For non-complex cases, just over 15,000 (61%) of these contacts were reached and asked to self-isolate. Nearly all of complex cases (97%) were reached. Overall, this means that 69% of contacts across complex and non-complex cases were reached.
The target set by the government’s Scientific Advisory Group for Emergencies (Sage) for an effective contact tracing service is for 80% of contacts to be reached and asked to self-isolate. Even the 69% figure ignores the fact that the service isn’t reaching all the people testing positive in the first place. If 80% of positive testers are reached, Test and Trace would need to contact 100% of their contacts to meet the Sage target – a point made by the BBC statistics programme More or less this week.
Layla McCay, director at the NHS Confederation said the latest figures were a cause for serious alarm. ‘There has been a major increase in confirmed cases of Covid-19 week-on-week, while at the same time, taking into account all contacts identified, only 69.2% were reached and asked to self-isolate,’ she said. ‘We need to see a more effective test and trace programme, where a larger proportion of contacts are being successfully reached, to reduce the number of cases.’
While she welcomed further increases in testing capacity, the problems with access were worrying. ‘Our members, and especially in general practice, are concerned that their staff are having to self-isolate while awaiting access to tests, as well as test results for themselves and their families, which is putting a strain on the services they can provide. We need to see concrete evidence that the promised further increases in testing capacity and faster testing are achievable, and we also need immediate action to prioritise testing for key workers.’
Health secretary Matt Hancock went for classic misdirection tactics – don’t look here, look over there – in addressing the current problems.
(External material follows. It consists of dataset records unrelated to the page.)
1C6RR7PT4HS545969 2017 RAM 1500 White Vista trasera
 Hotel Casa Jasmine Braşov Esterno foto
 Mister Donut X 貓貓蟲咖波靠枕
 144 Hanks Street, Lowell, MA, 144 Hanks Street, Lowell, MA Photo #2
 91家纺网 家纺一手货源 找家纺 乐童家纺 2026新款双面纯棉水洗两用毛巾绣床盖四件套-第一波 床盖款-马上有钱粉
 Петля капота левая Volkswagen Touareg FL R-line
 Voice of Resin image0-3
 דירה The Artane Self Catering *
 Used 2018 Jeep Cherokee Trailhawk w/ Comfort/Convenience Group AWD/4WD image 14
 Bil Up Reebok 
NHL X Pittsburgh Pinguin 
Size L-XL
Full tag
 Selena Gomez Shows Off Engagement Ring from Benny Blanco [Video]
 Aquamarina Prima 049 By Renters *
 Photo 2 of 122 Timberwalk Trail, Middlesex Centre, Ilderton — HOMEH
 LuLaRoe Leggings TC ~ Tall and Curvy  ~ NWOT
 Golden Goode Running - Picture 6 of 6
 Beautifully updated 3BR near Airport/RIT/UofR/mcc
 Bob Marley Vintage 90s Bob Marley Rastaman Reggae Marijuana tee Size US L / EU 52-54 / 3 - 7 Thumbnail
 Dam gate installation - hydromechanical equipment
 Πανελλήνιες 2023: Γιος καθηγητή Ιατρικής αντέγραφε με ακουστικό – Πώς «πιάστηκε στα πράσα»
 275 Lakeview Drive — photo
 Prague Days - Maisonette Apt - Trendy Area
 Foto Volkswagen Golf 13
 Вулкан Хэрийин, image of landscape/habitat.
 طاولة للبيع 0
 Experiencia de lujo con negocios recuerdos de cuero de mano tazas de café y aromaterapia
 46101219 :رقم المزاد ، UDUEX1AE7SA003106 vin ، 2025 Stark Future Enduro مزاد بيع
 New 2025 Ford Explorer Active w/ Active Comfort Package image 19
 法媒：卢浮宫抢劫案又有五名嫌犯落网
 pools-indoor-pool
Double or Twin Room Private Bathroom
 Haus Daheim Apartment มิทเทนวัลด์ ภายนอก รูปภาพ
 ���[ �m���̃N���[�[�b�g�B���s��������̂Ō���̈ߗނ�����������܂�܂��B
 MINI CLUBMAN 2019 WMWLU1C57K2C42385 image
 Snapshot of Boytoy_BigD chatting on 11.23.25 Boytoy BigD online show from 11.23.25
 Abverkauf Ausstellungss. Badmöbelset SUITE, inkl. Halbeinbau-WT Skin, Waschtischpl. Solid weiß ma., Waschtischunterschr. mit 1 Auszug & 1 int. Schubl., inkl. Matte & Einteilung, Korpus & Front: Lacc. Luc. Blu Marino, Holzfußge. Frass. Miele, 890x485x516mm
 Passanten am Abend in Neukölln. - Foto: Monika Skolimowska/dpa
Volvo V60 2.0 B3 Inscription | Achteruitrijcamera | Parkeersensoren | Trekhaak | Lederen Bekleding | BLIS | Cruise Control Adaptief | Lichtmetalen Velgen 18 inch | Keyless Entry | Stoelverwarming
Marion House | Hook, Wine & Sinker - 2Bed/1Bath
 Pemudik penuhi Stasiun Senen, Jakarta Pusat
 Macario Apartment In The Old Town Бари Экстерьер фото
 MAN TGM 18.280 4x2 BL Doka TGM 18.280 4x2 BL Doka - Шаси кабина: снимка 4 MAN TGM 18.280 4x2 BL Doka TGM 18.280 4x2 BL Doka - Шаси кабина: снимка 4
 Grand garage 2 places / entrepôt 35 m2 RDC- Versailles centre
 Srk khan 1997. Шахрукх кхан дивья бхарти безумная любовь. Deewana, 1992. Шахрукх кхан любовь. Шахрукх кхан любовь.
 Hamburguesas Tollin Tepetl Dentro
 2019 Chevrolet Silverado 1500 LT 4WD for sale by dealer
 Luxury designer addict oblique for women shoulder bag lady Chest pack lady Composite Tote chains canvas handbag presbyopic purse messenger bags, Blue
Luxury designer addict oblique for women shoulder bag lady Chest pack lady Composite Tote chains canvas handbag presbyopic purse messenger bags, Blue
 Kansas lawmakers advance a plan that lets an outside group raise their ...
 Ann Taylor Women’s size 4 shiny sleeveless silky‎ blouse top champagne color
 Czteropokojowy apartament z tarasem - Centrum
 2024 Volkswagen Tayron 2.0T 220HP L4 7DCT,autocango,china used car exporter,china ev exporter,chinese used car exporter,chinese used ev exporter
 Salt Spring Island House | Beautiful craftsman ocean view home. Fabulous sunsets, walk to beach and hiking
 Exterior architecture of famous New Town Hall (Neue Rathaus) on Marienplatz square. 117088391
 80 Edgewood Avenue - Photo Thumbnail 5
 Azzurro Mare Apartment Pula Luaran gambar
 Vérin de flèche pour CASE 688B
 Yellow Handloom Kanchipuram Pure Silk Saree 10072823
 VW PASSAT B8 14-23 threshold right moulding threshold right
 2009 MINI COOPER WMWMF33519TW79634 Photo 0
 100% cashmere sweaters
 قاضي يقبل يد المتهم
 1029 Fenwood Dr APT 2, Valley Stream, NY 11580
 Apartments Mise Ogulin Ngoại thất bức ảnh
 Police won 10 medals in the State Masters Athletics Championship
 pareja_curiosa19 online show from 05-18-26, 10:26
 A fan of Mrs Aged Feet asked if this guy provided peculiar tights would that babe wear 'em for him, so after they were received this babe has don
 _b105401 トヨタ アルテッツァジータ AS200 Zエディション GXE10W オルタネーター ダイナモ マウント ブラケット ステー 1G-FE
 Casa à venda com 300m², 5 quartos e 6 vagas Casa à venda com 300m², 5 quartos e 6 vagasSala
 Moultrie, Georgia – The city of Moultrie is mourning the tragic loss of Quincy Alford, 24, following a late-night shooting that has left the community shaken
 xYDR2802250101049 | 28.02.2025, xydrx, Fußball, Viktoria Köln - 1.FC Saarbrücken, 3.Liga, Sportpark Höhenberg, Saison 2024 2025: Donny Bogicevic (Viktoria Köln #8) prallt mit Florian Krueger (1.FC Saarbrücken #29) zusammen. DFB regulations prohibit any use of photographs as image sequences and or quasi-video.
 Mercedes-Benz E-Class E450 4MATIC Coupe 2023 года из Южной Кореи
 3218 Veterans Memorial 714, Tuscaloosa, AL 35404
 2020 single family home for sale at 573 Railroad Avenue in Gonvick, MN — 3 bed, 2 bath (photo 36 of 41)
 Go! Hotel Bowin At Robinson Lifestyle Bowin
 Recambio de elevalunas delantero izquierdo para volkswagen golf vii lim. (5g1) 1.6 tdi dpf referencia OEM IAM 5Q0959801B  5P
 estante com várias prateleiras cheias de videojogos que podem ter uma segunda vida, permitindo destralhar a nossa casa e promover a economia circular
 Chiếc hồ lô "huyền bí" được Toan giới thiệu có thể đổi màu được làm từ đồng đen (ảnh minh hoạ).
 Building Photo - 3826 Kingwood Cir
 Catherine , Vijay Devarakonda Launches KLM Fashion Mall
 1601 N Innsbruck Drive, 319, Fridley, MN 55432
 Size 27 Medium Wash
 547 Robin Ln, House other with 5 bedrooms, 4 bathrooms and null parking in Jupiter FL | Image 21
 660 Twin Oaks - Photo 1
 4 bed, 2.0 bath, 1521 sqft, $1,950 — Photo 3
Rather than focus on current shortcomings, he talked about plans for ‘Operation Moonshot’ to deploy mass testing using saliva and swab tests that could be turned round in as little as 20 minutes, with technology currently being verified before a national roll-out. While his statement was met with laughter in the House of Commons, he said it was the same ‘naysayers’ who doubted the government would hit its earlier 100,00 test-per-day target or its pledge to deliver tests to care homes – both of which he said had been achieved.
Reports in the BMJ suggested that the government has drawn up plans to carry out up to 10 million Covid tests a day by early next year – as part of a £100bn expansion of the national testing programme.
However in an opinion piece, also on the BMJ website, Maggie Rae and Ellis Friedman, president and treasurer of the Faculty of Public Health, warn that an effective test and trace regime is not a numbers game. ‘The government’s moonshot plan to test millions of people daily for Covid-19 risks repeating the mistakes of the early days of test and trace,’ they argue.
Instead, an effective test and trace system needs to ‘move fast, be led by local intelligence and prioritise those groups and settings where the virus can spread quickly’ with the speed of response to local outbreaks currently being ‘inhibited by excessive central control of the testing resources’.
One tool that has been conspicuous by its absence in the battle to contain spread of the virus has been a contact tracing app. However Scotland unveiled its app this week to complement its contact tracing service. Built by software developers NearForm, it uses the same technology used by the Republic of Ireland and Northern Irish proximity tracing apps. An app is due to be launched in England and Wales on 24 September, with a QR code feature enabling easy check-in at restaurants and other public venues.